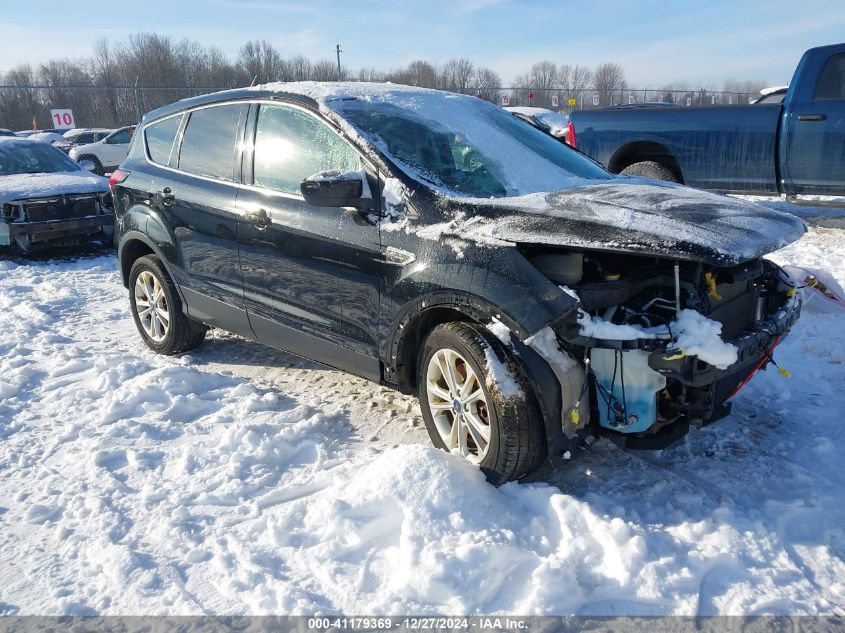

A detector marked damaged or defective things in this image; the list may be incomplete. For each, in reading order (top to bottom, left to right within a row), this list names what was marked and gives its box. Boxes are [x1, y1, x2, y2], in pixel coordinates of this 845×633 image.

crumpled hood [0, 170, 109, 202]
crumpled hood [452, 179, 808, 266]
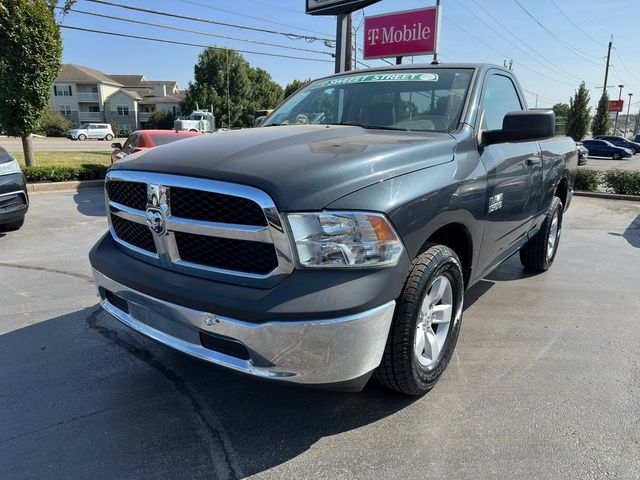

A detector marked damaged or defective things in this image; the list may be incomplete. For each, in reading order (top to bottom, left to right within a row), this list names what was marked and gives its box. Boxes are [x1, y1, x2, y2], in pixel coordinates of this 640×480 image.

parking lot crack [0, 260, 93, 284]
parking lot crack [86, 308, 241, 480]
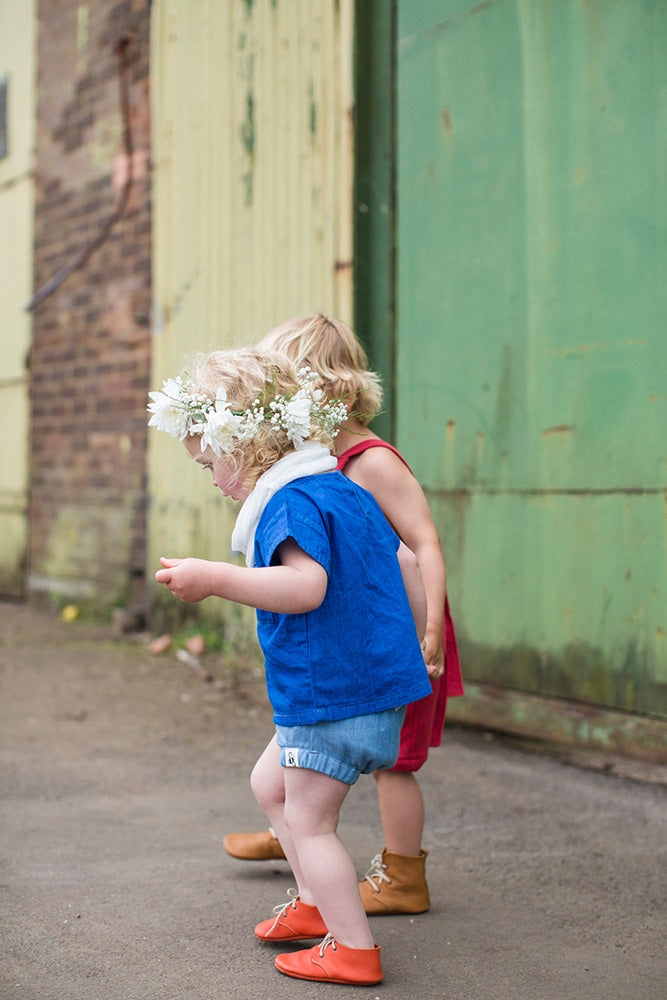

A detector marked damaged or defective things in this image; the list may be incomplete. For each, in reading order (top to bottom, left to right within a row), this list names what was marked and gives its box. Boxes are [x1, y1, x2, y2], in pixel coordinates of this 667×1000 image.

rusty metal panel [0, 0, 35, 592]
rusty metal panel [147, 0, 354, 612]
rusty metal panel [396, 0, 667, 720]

----

**Task statement:** Write out, word for word, every line from the one containing "this 667×1000 image." through the last line of the records above.

**Your solution:**
A detector marked damaged or defective things in this image; the list may be incomplete. For each, in reading order (top to bottom, left to right within a row), this list names what was marked and gives its box. Boxes are [x1, y1, x2, y2], in pixel coordinates of this 667×1000 image.

rusty metal panel [0, 0, 35, 592]
rusty metal panel [147, 0, 354, 612]
rusty metal panel [396, 0, 667, 720]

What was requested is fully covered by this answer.